Taxes (哥德巴赫猜想)

 Taxes

 CodeForces - 735D 

Mr. Funt now lives in a country with a very specific tax laws. The total income of mr. Funt during this year is equal to n (n ≥ 2) burles and the amount of tax he has to pay is calculated as the maximum divisor of n (not equal to n, of course). For example, if n = 6 then Funt has to pay 3 burles, while for n = 25 he needs to pay 5and if n = 2 he pays only 1 burle.
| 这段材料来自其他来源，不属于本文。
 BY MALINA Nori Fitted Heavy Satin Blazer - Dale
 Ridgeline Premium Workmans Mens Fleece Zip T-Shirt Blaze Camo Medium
As mr. Funt is a very opportunistic person he wants to cheat a bit. In particular, he wants to split the initial n in several parts n₁ + n₂ + ... + n_k = n (here k is arbitrary, even k = 1 is allowed) and pay the taxes for each part separately. He can't make some part equal to 1 because it will reveal him. So, the condition n_i ≥ 2should hold for all i from 1 to k.

Ostap Bender wonders, how many money Funt has to pay (i.e. minimal) if he chooses and optimal way to split n in parts.

Input

The first line of the input contains a single integer n (2 ≤ n ≤ 2·10⁹) — the total year income of mr. Funt.

Output

Print one integer — minimum possible number of burles that mr. Funt has to pay as a tax.

Examples

Input

4

Output

2

Input

27

Output

3
题解： 哥德巴赫猜想

内容大概是如下两点：

1、所有大于2的偶数可以被分解成两个素数。

2、所有大于7的奇数可以被分解成三个素数。（n-3）为偶数，3是一个素数，所以是三个。

所以知道这个猜想之后就变得简单了：

1、偶数：n为2，答案是1，否则答案是2.

2、奇数：首先，n最少可以拆成三个素数，还有两种情况要考虑：n本身是一个素数的话答案就是1，n-2是一个素数答案就是2（一个奇数可以拆成一个偶数+一个奇数，偶数只有2是素数）。

#include<iostream>
#include<cstdio>
#include<cmath>
using namespace std;
const int maxn=1e5+10;
bool check(int n)
{
    for(int i=2;i*i<=n;i++)
    {
        if(n%i==0)
            return false;
    }
    return true;
}
int main()
{
    int n;
    cin>>n;
    int ans;
    if(n&1)
    {
        if(check(n))
            ans=1;
        else if(check(n-2))
            ans=2;
        else 
            ans=3;
    }
    else
    {
        if(n==2)
            ans=1;
        else
            ans=2;
    }
    printf("%d
",ans);
return 0;
}